The argument of counsel for the defendants in support of their first complaint is that the brokers' slips evidencing the contracts failed to comply with sections 4 and 5 of the Cotton Futures Act of August 11, 1916, c. 313, 39 Stat. 476, Comp. Stat. Secs. 6309d and 6309e, which require each contract to 'be in writing plainly stating, or evidenced by written memorandum showing, the terms of such contract, including the quality of the cotton involved and the names and addresses of the seller and buyer in such contract. * * * Each bale shall, for the purposes of this Act, be deemed to weigh five hundred pounds'--

(1) Because none of the slips gives the addresses of both buyer and seller, but each of them, with so few exceptions as to be immaterial, gives the address of the party to be charged; but the legal presumption and the testimony are that, at the same time that each bought slip was signed, a corresponding sold slip mutatis mutandis was signed by the party to be charged thereby, and that at the time that each sold slip was signed a corresponding bought slip mutatis mutandis was signed by the party to be charged (Thorn v. Browne, 257 F. (8th C.C.A.) 519, 524, 168 C.C.A. 469), and thus the presumption arose that the two corresponding slips which evidenced each contract set forth the addresses as well as the names of the seller and the buyer in each contract.

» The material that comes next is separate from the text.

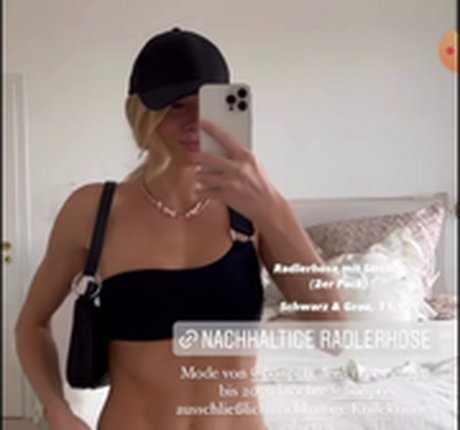 Katrin Palme modèle de haute qualité images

(2) Because none of the slips states the quantity or price of the cotton bought or sold per pound or bale in dollars and cents, for example, the sold note or slip which Gwathmey & Co., the correspondents in New York of the plaintiffs, took from the sellers evidencing the latter's contract to sell the 100 bales of cotton which the defendants admit they ordered the plaintiffs to buy by their telegram in these words:

'Oct 31, 1916. Frederick, Okla 815 A Oct. 31, 1916
'S. Newberger & Co., New Orleans, La.
'Buy one hundred March NY on opening margin five check by mail
'846 A.

Gettys & Prescott'

-- reads in this way: [272 F. 215] 'New York, 10/31, 1916.

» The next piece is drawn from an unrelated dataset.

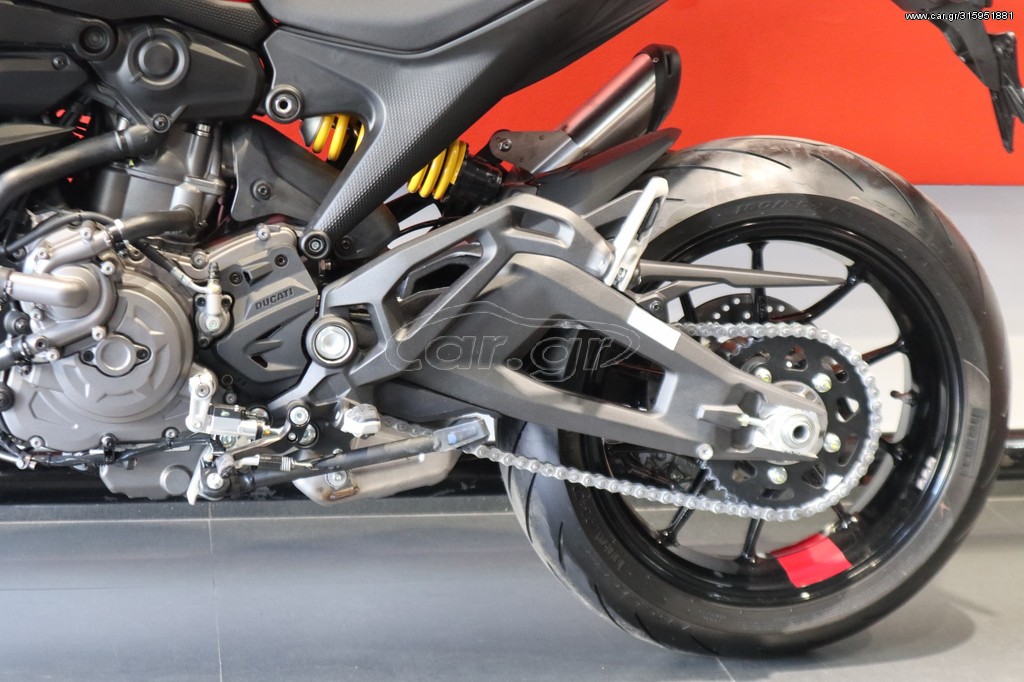 Ducati Monster - Red 2023 - 14 000 EUR Καινούργιες - Μεταχειρισμένες Μοτοσυκλέτε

'Sold to Gwathmey & Co., and agree to deliver to them, subject to the by-laws and rules of the New York Cotton Exchange, and subject to the United States Future Act, section 5, 100 B/C Mch Delivery at 1861

'Caldwell, Cosgrove & Co., '96 Cotton Exchange, N.Y. City.'

But, when one sends an order to a broker doing business in an established trade on one of the great public exchanges of the country to buy, sell, or make contracts on such an exchange, he...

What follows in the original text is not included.